Just like Tech Sergeant Mom used to make
In my poking around, I have found an interesting recipe.
My readers who have served in an army may remember chipped beef on toast, also known fondly as "shit on a shingle."
Well, if the Second Armoured Division drops by for dinner, here is a platoon sized recipe for the recipe, which you may find in The Army Cook (published by the U.S. Government Printing Office in 1942).
Beef, Dried, Chipped on Toast
2 pounds fat, butter preferred
1 pound flour
4 13 ounce cans evaporated milk
4 gallons beef stock
7 pounds chipped or sliced dried beef
2 bunches parsley, chopped fine
1/2 ounce pepper
130 slices bread, toasted
Melt fat in pan and add flour. Cook a few minutes to brown flour. Add milk and beef stock, stirring constantly to prevent lumping. Add dried beef and cook five minutes. Add parsley and pepper. Serve hot on toast.
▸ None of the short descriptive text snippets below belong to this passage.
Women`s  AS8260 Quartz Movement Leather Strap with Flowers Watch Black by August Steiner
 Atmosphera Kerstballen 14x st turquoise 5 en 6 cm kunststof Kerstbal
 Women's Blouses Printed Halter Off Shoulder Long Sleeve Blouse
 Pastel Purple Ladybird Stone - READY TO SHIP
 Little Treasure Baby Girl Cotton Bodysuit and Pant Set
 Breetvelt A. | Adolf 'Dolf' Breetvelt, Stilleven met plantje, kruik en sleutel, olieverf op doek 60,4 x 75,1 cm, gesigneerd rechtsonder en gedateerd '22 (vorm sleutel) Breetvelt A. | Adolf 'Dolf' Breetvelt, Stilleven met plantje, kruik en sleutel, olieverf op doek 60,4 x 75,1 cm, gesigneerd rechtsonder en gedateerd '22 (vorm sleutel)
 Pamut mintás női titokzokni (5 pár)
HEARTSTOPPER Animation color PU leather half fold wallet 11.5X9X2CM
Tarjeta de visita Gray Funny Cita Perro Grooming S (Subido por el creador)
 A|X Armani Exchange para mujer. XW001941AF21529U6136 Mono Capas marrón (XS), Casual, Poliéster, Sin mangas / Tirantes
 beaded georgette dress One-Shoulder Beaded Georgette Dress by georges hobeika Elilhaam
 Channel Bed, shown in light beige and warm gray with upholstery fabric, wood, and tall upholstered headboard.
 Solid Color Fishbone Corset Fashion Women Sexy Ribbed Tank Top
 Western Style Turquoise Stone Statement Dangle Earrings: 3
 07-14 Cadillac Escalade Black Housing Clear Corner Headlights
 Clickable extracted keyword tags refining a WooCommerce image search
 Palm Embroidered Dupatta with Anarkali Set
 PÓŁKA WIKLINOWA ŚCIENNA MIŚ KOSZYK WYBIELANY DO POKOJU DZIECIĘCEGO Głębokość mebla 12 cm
I think that this technical manual must have had a lot of recipes for dried food. I have a World War Two-era issue of National Geographic which has an article which explores how the U.S. Army tried to save space on supply ships by drying as much food as possible. Two pictures with the article show a big mountain of food and the car-sized bundle of food parcels that it made once it had been dried and preserved.